Аргумент против третьего критика – против Косиора – был такой: «т. Косиор в прошлом году произнес совершенно такую же речь после доклада, не случайного докладчика, как я, а после доклада Владимира Ильича… По-видимому, это его профессия» или: «т. Косиор явно не от себя одного говорил и обвинял нас в том, что мы не даем возможность работать товарищам, которые принадлежали к другой группировке, чем мы. Если бы это обвинение было верно, то нас надо было бы гнать в шею» (там же, стр. 199).
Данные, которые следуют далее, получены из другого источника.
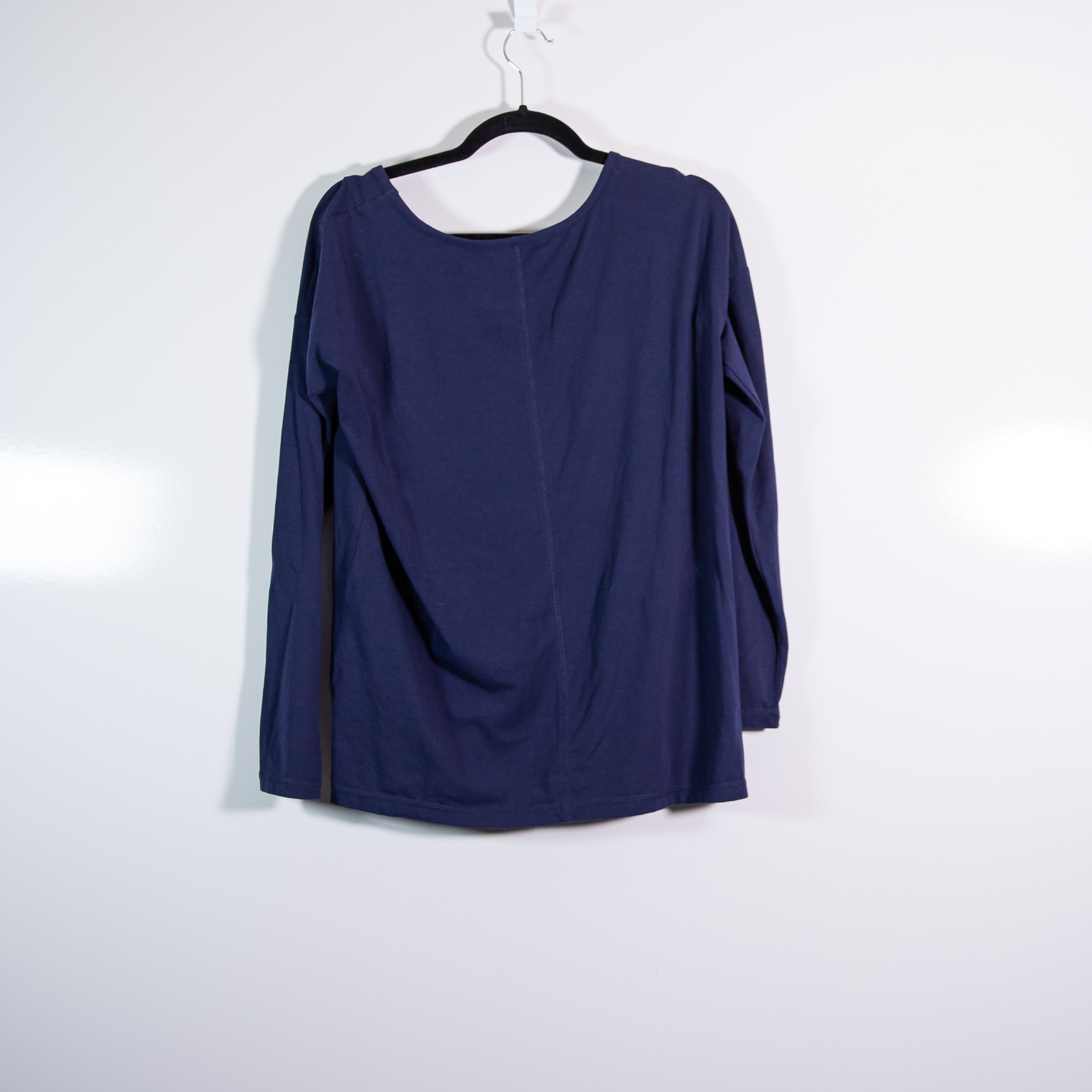 Lilly Pulitzer Luxletic Cotton Stretch V Neck Long Sleeve Tee Shirt Navy Blue M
Четвертому критику – Осинскому – жаловавшемуся, что в партии нет свободы критики из-за «исключительного закона» X съезда, Зиновьев ответил: «В нашей партии (спросите любого члена Коминтерна), – в нашей партии достаточно свободы… Исключительного закона у нас нет, и по этой причине его отменить никак нельзя» (там же, стр. 200). Или: «т. Осинский говорил, что позволено Ленину, то не позволено кому-нибудь другому. Само собою разумеется. Осинский сказал: когда Ленин сечет, то это еще куда ни шло. Вполне разделяю его вкусы: уж сечься, так сечься у мастера… По Осинскому… «они мол не хотят выпускать власть»… т. Осинский, бросьте это!… Власти у нас, если уж на то пошло, у каждого хоть отбавляй, и никто не чувствует тоски по власти» (там же, стр. 202). В этом месте невольно вспоминаются слова Зиновьева (вложенные в его уста Сталиным) на его процессе в августе 1936 г. На вопрос прокурора, почему вы вместе с Каменевым стали вредителями, шпионами, убийцами, Зиновьев ответил: «Мы жаждали власти!». Зиновьев, по существу, обвинил Осинского, Сапронова и других бывших лидеров демократического централизма, среди которых был и такой ныне верноподданный, как Бубнов, что они несут политическую ответственность за упомянутую анонимную платформу, в которой требовалось сплочение всех коммунистов вокруг «рабочей группы РКП» и удаление из ЦК «тройки». Доказательства Зиновьева были очень просты: «Я поручил одному товарищу взять платформу демократического централизма и взять платформу анонимную и выписать в одном столбце то, что говорится в первой платформе, и с правой стороны то, что говорится во второй… и получилось совпадение на 99%» (там же, стр. 203).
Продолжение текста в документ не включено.